Oireachtas Joint and Select Committees

Tuesday, 15 July 2014

Joint Oireachtas Committee on Agriculture, Food and the Marine

General Scheme of Horse Racing Ireland (Amendment) Bill 2014: Discussion

2:45 pm

Photo of Martin HeydonMartin Heydon (Kildare South, Fine Gael) | Oireachtas source

I will group my questions, as there are a few areas I wish to touch on. A point was made about board composition and the Minister's representatives having a thorough knowledge and some having a working knowledge. It is absolutely key that any representative of HRI understands the industry. As an industry, it can be a tight clique. It is hard to get that balance with a person who has the required knowledge yet is perceived as objective and unbiased and not from a certain camp. If we were to appoint somebody to the board who does not understand the basics of how the industry works and the importance of the industry to the country, it would be a waste of time. I concur with the views of the witness. It may be no harm to be more prescriptive than is provided for in the heads of the Bill.

The witness mentioned that some of the committees having outside members is beneficial. Some of the committees can have outside members. It is important to clarify that. I think Mr. Iceton was referring to the need for specialised chairpersons on occasion. Whatever about the chairperson being specialised, the ability to bring in outside expertise is very important. That is acknowledged particularly with regard to media rights and other areas. I will return to media rights later because the jockeys raised a valid point.

The fixtures committee is absolutely crucial. I concur with some of the points made. Perhaps I will touch on Ms Sharon Byrne's presentation later. I agree that the bookmakers have an integral role to play. In some ways there is much animosity in the industry and there can be much friction between the bookmakers' side and the other side, but it is in everyone's interest that we get an industry that works as well as possible. I am aware of what happened in Punchestown a couple of years ago when Morgiana day had as a sponsor a big bookmaker that put a large amount of money into it, and it had its biggest crowd in a number of years. The promotional expertise was brought in from the bookmaker's side. There was a clash the following year with the open meeting in Cheltenham. The bookmakers stood back from their sponsor because of that and everyone lost out. The Punchestown crowd was much smaller. It was an occasion on which the fixtures committee appeared to be acting a bit aloof. There is great merit in making sure the fixtures committee and the programme committee take on board all the other sides, including foreign elements that may come in.

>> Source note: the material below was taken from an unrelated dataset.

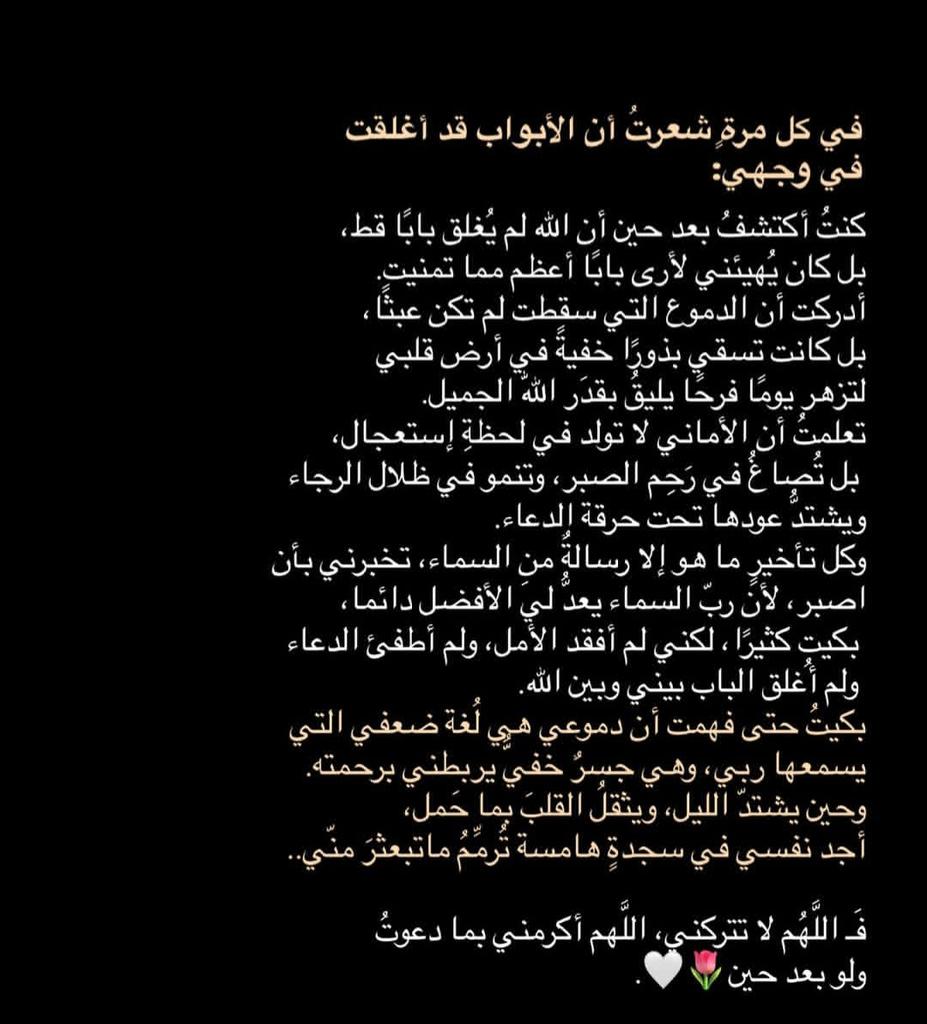 ruqiya ali (@ra_rr290) on Twitter photo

On the trainer side, I commiserate with Mr. Dermot Weld on Vintage Crop, a great servant of his and to the industry. Reading through his submission, I noted that it focused very much on the funding element, which has been a key component. While this is the Joint Committee on Agriculture, Food and the Marine, which deals with the structures around how the industry operates, the betting tax is a matter for the Joint Committee on Finance, Public Expenditure and Reform and, in particular, the Minister for Finance, Deputy Michael Noonan. The points made here have been noted and will feed into a larger debate.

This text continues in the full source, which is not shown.